When interacting with the prefect client, documentation does not clarify that you must paginate via the offset parameter even when limit is set to None. The limit in reality is 200, even when set to None. Our environment has >2000 deployments and I ran the code below to find out this limit. This is present in all client functions that have the limit parameter.  

from prefect import get_client
from asyncio import run

async def main():
    client =  get_client()
    deployments = await client.read_deployments(limit=None)

    assert len(deployments) == 200 # passes
    assert len(deployments) > 200 # fails

if __name__ == "__main__":
    run(main())

Version info

Version:             2.19.3
API version:         0.8.4
Python version:      3.11.9
Git commit:          ce378efe
Built:               Thu, May 30, 2024 11:59 AM
OS/Arch:             linux/x86_64
Profile:             default
Server type:         server

There is also no reference to this in prefect 3.x

Additional context

From the python docs:

    async def read_deployments(
        self,
        *,
        flow_filter: FlowFilter = None,
        flow_run_filter: FlowRunFilter = None,
        task_run_filter: TaskRunFilter = None,
        deployment_filter: DeploymentFilter = None,
        work_pool_filter: WorkPoolFilter = None,
        work_queue_filter: WorkQueueFilter = None,
        limit: int = None,
        sort: DeploymentSort = None,
        offset: int = 0,
    ) -> List[DeploymentResponse]:
        """
        Query the Prefect API for deployments. Only deployments matching all
        the provided criteria will be returned.

        Args:
            flow_filter: filter criteria for flows
            flow_run_filter: filter criteria for flow runs
            task_run_filter: filter criteria for task runs
            deployment_filter: filter criteria for deployments
            work_pool_filter: filter criteria for work pools
            work_queue_filter: filter criteria for work pool queues
            limit: a limit for the deployment query
            offset: an offset for the deployment query

        Returns:
            a list of Deployment model representations
                of the deployments
        """

There is no additional info in the online docs either.

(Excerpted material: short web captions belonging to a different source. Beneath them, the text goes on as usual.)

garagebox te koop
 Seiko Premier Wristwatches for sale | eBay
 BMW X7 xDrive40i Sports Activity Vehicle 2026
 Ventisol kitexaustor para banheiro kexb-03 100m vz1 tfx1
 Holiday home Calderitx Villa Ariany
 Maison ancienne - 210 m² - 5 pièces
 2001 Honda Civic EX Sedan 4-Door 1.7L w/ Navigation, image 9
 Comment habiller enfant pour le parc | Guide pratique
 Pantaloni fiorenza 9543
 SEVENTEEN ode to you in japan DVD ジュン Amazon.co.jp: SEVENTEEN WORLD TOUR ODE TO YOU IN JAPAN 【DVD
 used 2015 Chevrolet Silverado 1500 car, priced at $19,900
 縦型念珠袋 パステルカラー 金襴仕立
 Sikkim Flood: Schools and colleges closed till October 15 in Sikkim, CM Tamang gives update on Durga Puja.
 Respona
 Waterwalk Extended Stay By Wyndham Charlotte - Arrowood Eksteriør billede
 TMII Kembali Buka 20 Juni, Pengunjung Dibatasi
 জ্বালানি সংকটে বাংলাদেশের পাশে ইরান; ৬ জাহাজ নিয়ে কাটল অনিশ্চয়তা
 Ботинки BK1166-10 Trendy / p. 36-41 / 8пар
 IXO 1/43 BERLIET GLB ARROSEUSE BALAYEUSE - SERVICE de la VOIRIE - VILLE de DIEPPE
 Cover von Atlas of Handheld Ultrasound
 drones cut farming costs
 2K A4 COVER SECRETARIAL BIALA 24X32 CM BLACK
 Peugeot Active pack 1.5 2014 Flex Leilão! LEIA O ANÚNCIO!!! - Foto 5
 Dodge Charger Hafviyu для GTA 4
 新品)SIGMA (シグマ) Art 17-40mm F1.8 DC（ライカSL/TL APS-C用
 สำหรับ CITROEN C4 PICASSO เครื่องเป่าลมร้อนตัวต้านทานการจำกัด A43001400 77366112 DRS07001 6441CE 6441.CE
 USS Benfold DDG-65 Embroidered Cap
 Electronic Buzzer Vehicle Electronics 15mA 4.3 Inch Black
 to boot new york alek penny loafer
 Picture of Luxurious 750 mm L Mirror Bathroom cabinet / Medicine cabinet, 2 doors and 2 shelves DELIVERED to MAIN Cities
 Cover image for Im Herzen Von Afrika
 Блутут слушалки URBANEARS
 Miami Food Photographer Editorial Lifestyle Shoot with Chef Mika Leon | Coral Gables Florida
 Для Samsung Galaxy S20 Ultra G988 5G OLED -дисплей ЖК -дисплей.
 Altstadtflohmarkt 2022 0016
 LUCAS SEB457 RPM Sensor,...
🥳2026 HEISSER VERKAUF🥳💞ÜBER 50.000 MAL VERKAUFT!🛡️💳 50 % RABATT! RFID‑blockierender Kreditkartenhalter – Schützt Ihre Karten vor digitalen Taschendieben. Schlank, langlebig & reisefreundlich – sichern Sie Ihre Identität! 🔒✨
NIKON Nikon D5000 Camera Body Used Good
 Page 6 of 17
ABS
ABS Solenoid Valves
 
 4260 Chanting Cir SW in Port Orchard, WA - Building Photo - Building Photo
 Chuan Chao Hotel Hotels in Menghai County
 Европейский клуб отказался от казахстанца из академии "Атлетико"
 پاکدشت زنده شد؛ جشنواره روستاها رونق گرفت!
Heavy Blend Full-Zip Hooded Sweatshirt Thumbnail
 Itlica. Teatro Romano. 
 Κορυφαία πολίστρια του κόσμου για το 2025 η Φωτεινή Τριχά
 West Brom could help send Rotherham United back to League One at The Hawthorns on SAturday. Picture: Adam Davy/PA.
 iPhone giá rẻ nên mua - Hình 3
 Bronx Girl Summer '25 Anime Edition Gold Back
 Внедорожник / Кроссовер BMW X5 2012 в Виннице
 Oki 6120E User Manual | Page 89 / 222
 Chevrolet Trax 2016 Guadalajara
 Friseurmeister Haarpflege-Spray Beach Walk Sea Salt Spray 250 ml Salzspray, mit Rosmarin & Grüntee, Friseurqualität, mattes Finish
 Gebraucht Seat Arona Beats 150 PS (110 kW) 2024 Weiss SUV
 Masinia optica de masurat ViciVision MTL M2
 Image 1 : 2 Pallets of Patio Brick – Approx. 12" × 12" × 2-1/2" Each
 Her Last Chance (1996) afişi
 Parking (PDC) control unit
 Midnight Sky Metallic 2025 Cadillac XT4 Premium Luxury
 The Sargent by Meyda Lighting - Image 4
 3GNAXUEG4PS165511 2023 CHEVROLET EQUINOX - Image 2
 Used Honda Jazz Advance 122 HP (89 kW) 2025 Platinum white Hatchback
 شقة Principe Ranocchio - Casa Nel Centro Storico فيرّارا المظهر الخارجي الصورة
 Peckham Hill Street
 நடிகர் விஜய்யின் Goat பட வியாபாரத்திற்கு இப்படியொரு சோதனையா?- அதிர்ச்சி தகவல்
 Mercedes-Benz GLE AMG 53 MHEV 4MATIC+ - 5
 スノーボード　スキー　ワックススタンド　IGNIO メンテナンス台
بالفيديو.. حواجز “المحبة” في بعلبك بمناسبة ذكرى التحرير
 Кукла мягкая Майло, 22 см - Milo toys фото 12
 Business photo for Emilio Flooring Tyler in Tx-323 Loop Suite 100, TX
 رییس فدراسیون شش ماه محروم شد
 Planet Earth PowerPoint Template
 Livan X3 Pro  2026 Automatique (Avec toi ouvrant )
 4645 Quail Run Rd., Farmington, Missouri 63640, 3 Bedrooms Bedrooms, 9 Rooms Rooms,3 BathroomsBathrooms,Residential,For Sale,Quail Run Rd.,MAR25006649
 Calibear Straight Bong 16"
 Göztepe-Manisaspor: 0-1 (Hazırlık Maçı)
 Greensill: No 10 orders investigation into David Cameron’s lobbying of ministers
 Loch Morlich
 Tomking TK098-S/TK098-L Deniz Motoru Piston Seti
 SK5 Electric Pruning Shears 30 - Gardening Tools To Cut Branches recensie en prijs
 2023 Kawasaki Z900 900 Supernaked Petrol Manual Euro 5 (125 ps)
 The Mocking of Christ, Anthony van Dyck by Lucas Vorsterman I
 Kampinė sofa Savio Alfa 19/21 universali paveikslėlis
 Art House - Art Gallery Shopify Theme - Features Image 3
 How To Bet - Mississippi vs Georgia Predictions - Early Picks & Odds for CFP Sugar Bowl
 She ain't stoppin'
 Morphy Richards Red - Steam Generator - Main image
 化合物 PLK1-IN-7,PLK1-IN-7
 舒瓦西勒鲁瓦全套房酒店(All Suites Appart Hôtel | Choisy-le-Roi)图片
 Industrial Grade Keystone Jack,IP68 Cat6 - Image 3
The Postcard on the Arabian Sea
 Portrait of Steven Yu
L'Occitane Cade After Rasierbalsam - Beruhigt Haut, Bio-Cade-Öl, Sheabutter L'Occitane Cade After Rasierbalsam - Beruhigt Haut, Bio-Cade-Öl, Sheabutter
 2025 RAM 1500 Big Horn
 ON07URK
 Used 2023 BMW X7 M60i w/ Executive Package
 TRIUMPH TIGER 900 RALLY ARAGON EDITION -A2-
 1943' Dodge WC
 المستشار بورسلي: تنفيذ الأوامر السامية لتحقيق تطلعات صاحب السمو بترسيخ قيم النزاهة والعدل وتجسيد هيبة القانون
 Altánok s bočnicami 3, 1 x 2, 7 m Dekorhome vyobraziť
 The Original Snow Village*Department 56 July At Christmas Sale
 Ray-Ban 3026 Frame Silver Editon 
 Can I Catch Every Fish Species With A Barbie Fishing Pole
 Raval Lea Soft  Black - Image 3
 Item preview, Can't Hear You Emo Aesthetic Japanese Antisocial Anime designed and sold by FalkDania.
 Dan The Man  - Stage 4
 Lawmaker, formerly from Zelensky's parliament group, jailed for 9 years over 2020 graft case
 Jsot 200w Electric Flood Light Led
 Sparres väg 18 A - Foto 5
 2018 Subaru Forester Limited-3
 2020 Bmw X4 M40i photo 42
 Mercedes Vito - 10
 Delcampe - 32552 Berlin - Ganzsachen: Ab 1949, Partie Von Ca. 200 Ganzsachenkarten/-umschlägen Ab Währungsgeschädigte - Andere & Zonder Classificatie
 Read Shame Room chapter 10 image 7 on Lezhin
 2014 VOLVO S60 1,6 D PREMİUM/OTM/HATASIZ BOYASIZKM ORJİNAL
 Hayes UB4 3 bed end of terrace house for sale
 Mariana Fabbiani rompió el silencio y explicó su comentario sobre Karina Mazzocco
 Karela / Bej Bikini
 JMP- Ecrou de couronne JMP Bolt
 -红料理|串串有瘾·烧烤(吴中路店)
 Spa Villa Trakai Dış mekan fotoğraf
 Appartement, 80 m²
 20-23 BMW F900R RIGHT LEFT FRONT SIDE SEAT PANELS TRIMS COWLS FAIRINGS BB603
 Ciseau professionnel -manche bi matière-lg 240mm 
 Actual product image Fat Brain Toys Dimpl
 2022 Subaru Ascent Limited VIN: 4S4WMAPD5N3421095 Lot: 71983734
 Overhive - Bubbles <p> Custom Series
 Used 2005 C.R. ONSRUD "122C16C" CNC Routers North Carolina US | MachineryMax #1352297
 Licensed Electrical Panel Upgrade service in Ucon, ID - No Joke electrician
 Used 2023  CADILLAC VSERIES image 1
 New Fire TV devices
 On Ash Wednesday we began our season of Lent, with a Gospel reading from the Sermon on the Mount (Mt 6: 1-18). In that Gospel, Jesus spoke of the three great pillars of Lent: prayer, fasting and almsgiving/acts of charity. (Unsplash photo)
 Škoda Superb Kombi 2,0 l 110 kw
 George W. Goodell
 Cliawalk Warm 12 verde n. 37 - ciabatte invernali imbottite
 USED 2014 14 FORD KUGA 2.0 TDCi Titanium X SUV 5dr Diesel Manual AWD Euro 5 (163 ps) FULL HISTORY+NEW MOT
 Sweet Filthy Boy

cicdw commented 3 weeks ago

Hi @mitchell-lawson - thank you for the issue! This is really confusing, we will update.

In the meantime for your understanding: the default limit is a Prefect setting on your server / API that can be configured through PREFECT_API_DEFAULT_LIMIT (which defaults to 200). Just remember that you need to set this setting on the server process, not the client process, in order for it to be picked up.